Exercise directions
Copy out again, unchanged, the listing below from the line that has "Vtopmart clear drawer" through the line that has "Изображение товара Garmin".
***
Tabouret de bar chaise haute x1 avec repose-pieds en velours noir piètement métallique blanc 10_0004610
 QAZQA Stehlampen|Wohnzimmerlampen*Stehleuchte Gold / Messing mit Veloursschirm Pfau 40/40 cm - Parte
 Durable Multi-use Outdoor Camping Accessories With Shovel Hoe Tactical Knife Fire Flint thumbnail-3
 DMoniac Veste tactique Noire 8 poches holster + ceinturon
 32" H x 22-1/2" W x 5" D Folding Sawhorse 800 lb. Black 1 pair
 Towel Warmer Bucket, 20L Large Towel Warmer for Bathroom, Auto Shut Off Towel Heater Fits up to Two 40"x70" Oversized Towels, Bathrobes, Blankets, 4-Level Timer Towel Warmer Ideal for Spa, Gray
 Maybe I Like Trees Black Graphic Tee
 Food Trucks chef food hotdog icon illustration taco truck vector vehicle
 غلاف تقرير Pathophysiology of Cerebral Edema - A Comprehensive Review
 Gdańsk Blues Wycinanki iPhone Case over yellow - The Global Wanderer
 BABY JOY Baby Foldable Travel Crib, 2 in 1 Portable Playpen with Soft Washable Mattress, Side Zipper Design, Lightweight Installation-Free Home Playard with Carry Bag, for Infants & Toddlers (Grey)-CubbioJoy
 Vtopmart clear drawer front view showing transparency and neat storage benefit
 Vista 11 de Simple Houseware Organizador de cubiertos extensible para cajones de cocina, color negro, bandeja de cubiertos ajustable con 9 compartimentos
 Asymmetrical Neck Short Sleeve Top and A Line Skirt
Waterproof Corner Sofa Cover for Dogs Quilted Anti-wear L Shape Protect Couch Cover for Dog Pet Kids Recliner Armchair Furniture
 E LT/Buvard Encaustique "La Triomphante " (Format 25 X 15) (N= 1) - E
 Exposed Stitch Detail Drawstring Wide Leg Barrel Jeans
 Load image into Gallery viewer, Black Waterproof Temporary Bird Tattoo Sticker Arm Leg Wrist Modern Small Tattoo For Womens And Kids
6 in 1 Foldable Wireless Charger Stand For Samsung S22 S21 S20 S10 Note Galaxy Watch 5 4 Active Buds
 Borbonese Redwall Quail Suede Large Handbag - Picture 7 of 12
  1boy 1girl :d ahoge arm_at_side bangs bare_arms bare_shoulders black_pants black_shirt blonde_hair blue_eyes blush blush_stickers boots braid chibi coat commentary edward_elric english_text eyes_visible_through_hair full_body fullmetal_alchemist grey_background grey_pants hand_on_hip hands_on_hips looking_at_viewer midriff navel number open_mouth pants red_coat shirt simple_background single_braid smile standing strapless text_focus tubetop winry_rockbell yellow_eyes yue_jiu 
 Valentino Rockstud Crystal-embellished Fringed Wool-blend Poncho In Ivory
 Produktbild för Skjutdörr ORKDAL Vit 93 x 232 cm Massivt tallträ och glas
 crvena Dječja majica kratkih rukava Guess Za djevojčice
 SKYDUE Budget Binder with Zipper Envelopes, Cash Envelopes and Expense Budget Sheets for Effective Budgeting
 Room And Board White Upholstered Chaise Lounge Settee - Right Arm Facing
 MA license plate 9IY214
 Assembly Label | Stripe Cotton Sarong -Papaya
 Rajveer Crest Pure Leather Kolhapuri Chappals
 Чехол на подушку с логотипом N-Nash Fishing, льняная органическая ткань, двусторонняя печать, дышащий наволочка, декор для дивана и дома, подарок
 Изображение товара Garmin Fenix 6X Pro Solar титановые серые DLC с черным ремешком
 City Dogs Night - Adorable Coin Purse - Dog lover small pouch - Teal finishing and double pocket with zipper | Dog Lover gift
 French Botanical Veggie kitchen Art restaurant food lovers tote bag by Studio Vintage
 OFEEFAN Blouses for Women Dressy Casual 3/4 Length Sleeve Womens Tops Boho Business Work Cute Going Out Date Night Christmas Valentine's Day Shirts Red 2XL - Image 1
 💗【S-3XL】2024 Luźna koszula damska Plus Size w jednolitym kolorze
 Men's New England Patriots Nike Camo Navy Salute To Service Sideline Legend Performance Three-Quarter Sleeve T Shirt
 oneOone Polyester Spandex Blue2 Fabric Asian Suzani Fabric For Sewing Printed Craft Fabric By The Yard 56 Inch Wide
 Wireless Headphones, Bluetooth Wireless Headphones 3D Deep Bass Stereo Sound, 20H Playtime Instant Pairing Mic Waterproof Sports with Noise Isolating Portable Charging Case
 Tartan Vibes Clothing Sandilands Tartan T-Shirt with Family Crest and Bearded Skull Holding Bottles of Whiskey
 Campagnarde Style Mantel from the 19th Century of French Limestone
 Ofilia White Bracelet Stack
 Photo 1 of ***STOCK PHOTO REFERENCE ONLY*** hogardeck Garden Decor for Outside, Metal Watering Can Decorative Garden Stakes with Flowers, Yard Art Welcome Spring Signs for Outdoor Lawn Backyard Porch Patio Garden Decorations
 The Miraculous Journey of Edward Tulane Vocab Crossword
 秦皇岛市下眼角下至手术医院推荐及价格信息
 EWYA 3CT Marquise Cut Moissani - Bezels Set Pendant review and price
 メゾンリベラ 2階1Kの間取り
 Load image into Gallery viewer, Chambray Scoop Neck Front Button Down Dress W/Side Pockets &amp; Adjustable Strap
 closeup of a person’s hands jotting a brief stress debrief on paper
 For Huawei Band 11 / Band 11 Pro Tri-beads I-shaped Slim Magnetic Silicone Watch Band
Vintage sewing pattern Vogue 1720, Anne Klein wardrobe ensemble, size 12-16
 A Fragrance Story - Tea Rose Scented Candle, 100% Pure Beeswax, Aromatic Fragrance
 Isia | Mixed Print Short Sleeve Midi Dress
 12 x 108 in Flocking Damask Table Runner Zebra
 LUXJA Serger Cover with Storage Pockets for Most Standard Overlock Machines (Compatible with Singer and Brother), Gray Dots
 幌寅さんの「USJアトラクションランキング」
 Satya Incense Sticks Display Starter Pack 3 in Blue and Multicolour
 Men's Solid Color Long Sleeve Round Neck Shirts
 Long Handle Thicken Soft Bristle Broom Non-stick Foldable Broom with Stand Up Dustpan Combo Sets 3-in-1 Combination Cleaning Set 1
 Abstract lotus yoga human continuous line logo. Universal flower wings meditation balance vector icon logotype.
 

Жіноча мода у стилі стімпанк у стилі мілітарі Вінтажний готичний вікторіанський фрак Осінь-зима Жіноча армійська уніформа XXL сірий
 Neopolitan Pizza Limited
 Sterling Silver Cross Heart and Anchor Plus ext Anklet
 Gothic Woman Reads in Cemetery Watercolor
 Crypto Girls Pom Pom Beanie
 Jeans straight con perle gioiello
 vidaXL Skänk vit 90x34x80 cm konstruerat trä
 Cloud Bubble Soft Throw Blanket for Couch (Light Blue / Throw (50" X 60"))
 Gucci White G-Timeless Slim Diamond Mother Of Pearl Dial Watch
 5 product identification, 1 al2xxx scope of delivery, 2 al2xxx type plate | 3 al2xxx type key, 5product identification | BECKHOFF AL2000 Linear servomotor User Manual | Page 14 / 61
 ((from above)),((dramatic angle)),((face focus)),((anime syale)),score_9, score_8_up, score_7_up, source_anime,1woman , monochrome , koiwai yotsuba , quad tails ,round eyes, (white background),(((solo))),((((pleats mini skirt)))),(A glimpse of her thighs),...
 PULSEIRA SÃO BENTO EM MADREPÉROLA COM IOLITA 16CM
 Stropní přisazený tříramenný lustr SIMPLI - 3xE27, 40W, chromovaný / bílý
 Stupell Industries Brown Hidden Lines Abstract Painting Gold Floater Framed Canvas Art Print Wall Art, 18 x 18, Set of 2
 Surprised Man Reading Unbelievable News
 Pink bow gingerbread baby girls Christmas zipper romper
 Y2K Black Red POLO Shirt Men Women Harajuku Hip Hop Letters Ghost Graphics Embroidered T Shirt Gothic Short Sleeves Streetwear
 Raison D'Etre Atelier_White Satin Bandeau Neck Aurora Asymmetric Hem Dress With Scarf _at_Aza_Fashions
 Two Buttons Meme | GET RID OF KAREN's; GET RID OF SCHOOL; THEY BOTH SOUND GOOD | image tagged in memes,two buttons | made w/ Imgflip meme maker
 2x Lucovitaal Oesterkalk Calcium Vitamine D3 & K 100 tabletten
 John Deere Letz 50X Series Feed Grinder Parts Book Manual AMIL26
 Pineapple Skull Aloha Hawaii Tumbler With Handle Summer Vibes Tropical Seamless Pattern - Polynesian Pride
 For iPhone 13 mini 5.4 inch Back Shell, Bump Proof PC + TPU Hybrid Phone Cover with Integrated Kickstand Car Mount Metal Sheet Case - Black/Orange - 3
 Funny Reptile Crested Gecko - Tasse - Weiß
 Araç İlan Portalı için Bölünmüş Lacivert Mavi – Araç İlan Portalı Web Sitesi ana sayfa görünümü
***
Reply to the task
 Vtopmart clear drawer front view showing transparency and neat storage benefit
 Vista 11 de Simple Houseware Organizador de cubiertos extensible para cajones de cocina, color negro, bandeja de cubiertos ajustable con 9 compartimentos
 Asymmetrical Neck Short Sleeve Top and A Line Skirt
Waterproof Corner Sofa Cover for Dogs Quilted Anti-wear L Shape Protect Couch Cover for Dog Pet Kids Recliner Armchair Furniture
 E LT/Buvard Encaustique "La Triomphante " (Format 25 X 15) (N= 1) - E
 Exposed Stitch Detail Drawstring Wide Leg Barrel Jeans
 Load image into Gallery viewer, Black Waterproof Temporary Bird Tattoo Sticker Arm Leg Wrist Modern Small Tattoo For Womens And Kids
6 in 1 Foldable Wireless Charger Stand For Samsung S22 S21 S20 S10 Note Galaxy Watch 5 4 Active Buds
 Borbonese Redwall Quail Suede Large Handbag - Picture 7 of 12
  1boy 1girl :d ahoge arm_at_side bangs bare_arms bare_shoulders black_pants black_shirt blonde_hair blue_eyes blush blush_stickers boots braid chibi coat commentary edward_elric english_text eyes_visible_through_hair full_body fullmetal_alchemist grey_background grey_pants hand_on_hip hands_on_hips looking_at_viewer midriff navel number open_mouth pants red_coat shirt simple_background single_braid smile standing strapless text_focus tubetop winry_rockbell yellow_eyes yue_jiu 
 Valentino Rockstud Crystal-embellished Fringed Wool-blend Poncho In Ivory
 Produktbild för Skjutdörr ORKDAL Vit 93 x 232 cm Massivt tallträ och glas
 crvena Dječja majica kratkih rukava Guess Za djevojčice
 SKYDUE Budget Binder with Zipper Envelopes, Cash Envelopes and Expense Budget Sheets for Effective Budgeting
 Room And Board White Upholstered Chaise Lounge Settee - Right Arm Facing
 MA license plate 9IY214
 Assembly Label | Stripe Cotton Sarong -Papaya
 Rajveer Crest Pure Leather Kolhapuri Chappals
 Чехол на подушку с логотипом N-Nash Fishing, льняная органическая ткань, двусторонняя печать, дышащий наволочка, декор для дивана и дома, подарок
 Изображение товара Garmin Fenix 6X Pro Solar титановые серые DLC с черным ремешком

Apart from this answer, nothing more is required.